4)      Teori Evolusi Kebudayaan L. H. Morgan
Lewis H. Morgan (1818 - 1881) mula-mula adalah seorang ahli hukum yang lama tinggal di antara suku-suku bangsa Indian Iroquois, Lewis sebagai pengacara bagi orang-orang Indian dalam soal-soal mengenai tanah. Dengan demikian ia mendapat pengetahuan mengenai kebudayaan orang-orang Indian itu. Karangan etnografinya yang pertama terbit tahun 1851, berjudul League of the Ho de no Sau nie or Iroquois. Karangan-karangannya tentang orang Iroquois terutama berpusat pada soal-soal susunan kemasyarakatan dan sistem kekerabatan, dan dalam hal ini Lewis H. Morgan telah memberikan sumbangan yang besar kepada ilmu antropologi pada umumnya. Dalam memperhatikan sistem kekerabatan Morgan mendapatkan suatu cara untuk mengupas semua sitem kekerabatan dari semua suku bangsa di dunia yang jumlahnya beribu-ribu itu, yang masing-masing berbeda bentuknya.
Mula-mula Morgan tertarik akan suatu gejala bahwa istilah-istilah kekerabatan (istilah untuk menyebut kaum kerabat) dalam bahasa-bahasa Iroquois itu tidak sama isinya dengan istilah-istilah kekerabatan dalam bahasa Inggris. Istilah hänih dalam bahasa Seneca misalnya (salah satu logat Iroquois) lain isinya dengan istilah father dalam bahasa Inggris. Hänih menunjukkan banyak individu yaitu ayah, semua saudara pria ayah dan semua saudara pria ibu. Sebaliknya father hanya menunjukkan seorang individu saja, yaitu ayah.
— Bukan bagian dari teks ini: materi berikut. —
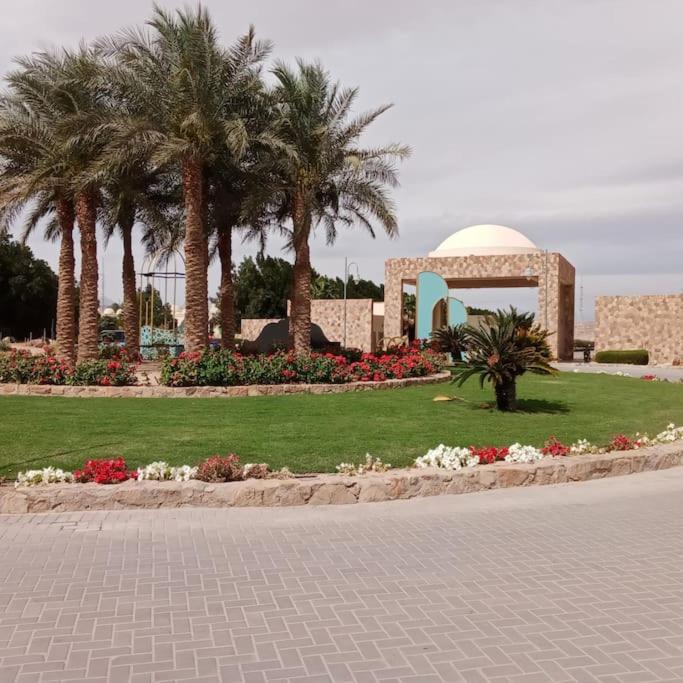 Ihab Chalet at Makadi Heights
Morgan mengerti bahwa di belakang perbedaan sistem kekerabatan dalam bahasa juga terletak perbedaan dari sistem kekerabatan hak-hak dan kewajiban. Dalam bahasa Iroquois hanya disebut dengan satu istilah yang sama karena sikap, hak-hak dan kewajiban terhadap ayah dan saudara ayah itu sama. Tetapi berbeda dengan bahasa Inggris ayah dan saudara ayah berbeda hak-hak dan kewajibannya.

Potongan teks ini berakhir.